I had been so efficient that I had nothing left to do in Antequera on rain day two and therefore took a day trip to Malaga. In case you are hiking the GR 7 there are plenty of outdoor shops in Malaga including a huge Decathlon and a base: shop right in the train stations shopping centre. I dislike Picasso and skipped all the Picasso related stuff - there are still plenty of art museums. Today´s programme was a big contrast to yesterday´s: Plenty of naked women in the Revello de Toro museum instead of virgin Mary. I loved the free modern art museum and the Collection of Carmen-Thyssen-Bornemisza but in the end I was now itching to go hiking again. 

The next day finally brought sunshine again. It was now three days to Ronda, my next stop. Again, I did not need a rest day again so soon, but Ronda is such an important tourist sight that it would be a shame to just hike through. This stretch is not exactly exciting. At least the olive trees are now interspersed with almond trees... Well, it is not that bad. Day one was boring hiking along plantations. Although the sun was out it was freezing cold and I feared I would end up camping under another olive tree. But luck was on my side.

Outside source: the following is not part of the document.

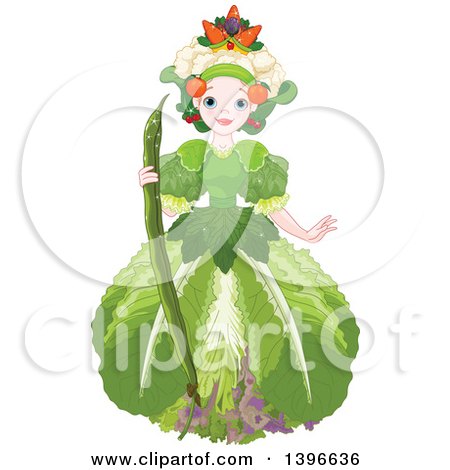 Bean Fairy clipart #18, Download drawings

The trail passes through the gorge of El Chorro which is very popular with climbers from all over the world. Although El Chorro is a tiny settlement there are various refugios - all advertising in English. I had camped in an incredibly nice pine forest and had even been able to get some of that olive tree plantation  mud off my tarptent. Early next morning the views down to the El Chorro reservoir were fabulous. Unfortunately you have to descend down to the reservoir and then hike up again which sort of screwed up my schedule. 

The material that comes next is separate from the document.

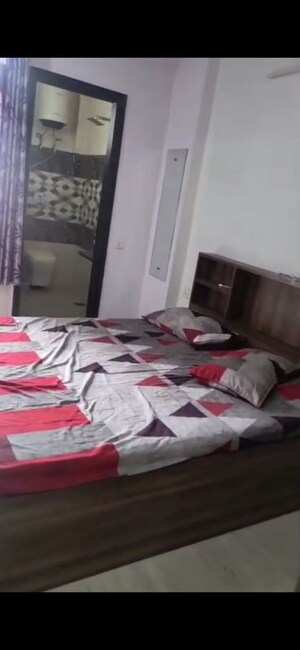 2 BHK Builder Floor For Rent in Sector 43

The problem now was that more rain was predicted, actually quite a big downpour over night. I did not want to camp in the mud under olive trees in this weather and hoped for a better camp site. It did not look good first: Olive trees, almond trees and cereal fields, something I had not seen in a long time. Because of all the rain the landscape was actually quite green now. I even saw the first almond trees blossoming. And then, right at the end of the day when I needed it I came across a big reforestation area. Free camper's paradise: Fabulous pine trees on flat terraces with no under growth. I was so sheltered from the trees that I hardly noticed the night's downpour. I had hoped for a short day into Ronda but the hike dragged on and on. There were even 4 km next to very busy road. On the other side I followed an endless fence line complete with barbed wire and warning signs. I first thought it is another hunting reserve or golf course, but it is actually the Ascari race course

Approaching on the GR 7 Ronda lies behind a mountain and you don´t see it till the very last minute. I thought I would never get there but luckily I had booked a cheap hotel. Ronda is surprisingly busy and like before in Antequera I am not the only one in the hotel (Hotel Arunda II) any more. Ronda has a spectacular setting and of course the famous bridge. And it is full of tourists, even in winter. This picture is taken from Paseo Kazunori Yamauchi. I wondered why such a prominent landmark in Ronda is named after a Japanese. The reason is very modern: Kazunori is a computer game designer and one of his games features the Ronda bridge in a car race... Modern times in Spain...I was a bit underwhelmed by Ronda. Although definitely a nice town the sights were not better than in any other town I have visited on this hike. I don't quite understand why it is so popular.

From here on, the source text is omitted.